Many men tell me that while they love their wife and enjoy the the time they spend with each other, they would like to communicate in a personal and close way to other human beings. But again, the type of relationships men have with each other do not allow the type of closeness they need. There are things that the men would like to talk about that their male buddies will not discuss and their spouse just have no interest in.
The husband and wife can have great communication but are human beings and do not share all the same interests and it is impossible for the other to full fill all the others need for in depth intimate personal communication. And unless the female friend of the man is allowed to become close friends, real communication is limited, instead just the banal small talk of acquaintances.
What is a man to do?
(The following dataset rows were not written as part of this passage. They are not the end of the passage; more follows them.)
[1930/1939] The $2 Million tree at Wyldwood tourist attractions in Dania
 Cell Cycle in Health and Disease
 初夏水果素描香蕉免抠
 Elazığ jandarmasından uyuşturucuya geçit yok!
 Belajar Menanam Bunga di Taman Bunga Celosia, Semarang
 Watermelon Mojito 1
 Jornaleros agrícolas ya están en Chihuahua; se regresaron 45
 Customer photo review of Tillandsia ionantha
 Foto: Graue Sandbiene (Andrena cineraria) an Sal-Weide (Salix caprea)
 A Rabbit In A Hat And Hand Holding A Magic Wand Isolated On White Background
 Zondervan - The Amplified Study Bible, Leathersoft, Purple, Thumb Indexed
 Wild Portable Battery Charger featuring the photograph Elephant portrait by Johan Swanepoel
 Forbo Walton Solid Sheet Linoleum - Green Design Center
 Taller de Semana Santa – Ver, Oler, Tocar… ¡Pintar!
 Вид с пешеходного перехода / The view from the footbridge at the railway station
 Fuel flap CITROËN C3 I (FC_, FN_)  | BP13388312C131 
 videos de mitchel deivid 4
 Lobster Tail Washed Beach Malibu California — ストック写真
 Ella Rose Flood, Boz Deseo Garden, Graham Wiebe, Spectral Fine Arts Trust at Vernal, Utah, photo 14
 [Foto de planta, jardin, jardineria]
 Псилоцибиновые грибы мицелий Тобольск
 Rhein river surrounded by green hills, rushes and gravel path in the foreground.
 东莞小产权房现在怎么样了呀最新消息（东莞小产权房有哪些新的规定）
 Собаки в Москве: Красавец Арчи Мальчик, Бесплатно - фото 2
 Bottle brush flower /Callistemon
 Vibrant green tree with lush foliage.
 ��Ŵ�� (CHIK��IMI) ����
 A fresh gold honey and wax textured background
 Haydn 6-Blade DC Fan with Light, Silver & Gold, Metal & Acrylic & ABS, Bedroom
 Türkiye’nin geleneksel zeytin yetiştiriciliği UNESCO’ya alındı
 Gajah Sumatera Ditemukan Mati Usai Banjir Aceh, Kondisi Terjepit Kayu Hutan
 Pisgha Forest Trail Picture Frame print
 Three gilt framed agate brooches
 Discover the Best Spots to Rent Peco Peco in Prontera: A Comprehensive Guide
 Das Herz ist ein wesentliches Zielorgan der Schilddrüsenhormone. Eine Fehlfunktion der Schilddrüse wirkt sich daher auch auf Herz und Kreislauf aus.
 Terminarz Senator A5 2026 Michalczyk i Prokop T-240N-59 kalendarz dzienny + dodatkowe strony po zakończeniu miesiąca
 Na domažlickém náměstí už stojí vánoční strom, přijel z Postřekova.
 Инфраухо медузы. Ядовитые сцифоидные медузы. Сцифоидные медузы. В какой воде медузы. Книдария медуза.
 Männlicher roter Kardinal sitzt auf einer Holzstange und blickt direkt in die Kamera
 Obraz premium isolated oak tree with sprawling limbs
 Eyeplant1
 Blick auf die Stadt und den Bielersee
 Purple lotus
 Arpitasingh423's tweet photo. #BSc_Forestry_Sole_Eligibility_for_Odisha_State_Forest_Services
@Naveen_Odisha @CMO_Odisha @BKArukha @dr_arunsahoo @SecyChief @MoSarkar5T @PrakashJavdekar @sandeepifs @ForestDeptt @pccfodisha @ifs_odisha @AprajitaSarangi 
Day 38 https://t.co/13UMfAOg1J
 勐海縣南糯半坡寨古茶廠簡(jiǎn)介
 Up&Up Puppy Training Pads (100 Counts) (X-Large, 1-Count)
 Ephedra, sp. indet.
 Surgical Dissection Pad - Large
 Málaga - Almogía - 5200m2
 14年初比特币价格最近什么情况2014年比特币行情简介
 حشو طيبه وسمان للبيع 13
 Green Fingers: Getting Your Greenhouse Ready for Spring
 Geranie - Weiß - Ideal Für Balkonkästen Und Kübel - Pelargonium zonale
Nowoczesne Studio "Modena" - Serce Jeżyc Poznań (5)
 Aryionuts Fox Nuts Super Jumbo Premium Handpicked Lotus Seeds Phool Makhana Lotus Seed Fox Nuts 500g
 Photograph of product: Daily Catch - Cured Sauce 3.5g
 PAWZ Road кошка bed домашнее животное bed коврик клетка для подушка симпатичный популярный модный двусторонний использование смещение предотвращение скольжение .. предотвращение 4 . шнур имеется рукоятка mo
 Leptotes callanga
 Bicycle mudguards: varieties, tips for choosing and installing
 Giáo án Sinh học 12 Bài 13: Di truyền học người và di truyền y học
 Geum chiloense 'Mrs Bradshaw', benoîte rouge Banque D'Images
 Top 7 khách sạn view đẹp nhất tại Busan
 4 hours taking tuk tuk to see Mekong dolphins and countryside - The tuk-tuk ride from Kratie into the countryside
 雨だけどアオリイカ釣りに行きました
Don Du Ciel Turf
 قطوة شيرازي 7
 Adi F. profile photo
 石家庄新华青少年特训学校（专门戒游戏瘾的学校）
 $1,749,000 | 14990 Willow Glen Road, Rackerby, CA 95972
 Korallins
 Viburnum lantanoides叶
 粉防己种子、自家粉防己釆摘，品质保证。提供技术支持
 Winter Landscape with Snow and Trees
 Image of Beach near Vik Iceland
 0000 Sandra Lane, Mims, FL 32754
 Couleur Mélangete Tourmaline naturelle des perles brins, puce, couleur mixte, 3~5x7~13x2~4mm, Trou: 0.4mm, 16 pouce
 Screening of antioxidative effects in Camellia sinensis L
His social and conversational needs can not be met by just one woman. He loves his wife but feels unfulfilled. Married Men need close women friends! Don't you agree?
I know of no one that prohibits their spouse from having friends of the opposite gender. Maybe you simple need to improve your communication skills.
What is a man to do? His social and conversational needs can not be met by just one woman. He loves his wife but feels unfulfilled. Married Men need close women friends! Don't you agree?
A truly happy married guy has a close woman friend and that is his wife. My wife and I share everything, party together and there is nothing we can't discuss. She has her interests, I have mine and when we get together at the end of the day we have so much to discuss.
We also have our own friends (men & women) that we enjoy hanging with but there is no better friend then a great spouse. None of our other friends can we 100% share our thoughts and feelings.
Maybe we aren't your traditional couple because we are so close but IMO your concept of close friends is not accurate.
Maybe you are lacking and are not fulfilled, Are you projecting ?
I will admit when guys talk we can see things from a guy perspective which many times women do not completely understand.
If anyone wants to see an extreme opposite example, then Google former NBA player Doug Christie. Some of you may be in awe, others of you may find it suffocating.
I agree that a lot of male friends, especially those that consider themselves somewhat "tough" or "macho", are unlikely to have deep conversations about personal issues as many female friends tend to do. While I don't exactly cry on their shoulder, I do consider myself lucky to have childhood male buds that I can open up with if need be.
On the other hand, as a guy I think it's sometimes good to have another female perspective of things. (And a male perspective for a lady as well.)
Each person has their own life experience and is biased, albeit unintentionally, so it's nice to check in with someone who can understand both perspectives. Certainly everyone should meet each other so there's no "secret" acquaintances. One of my best friends is female and she and my lady have hung out many times.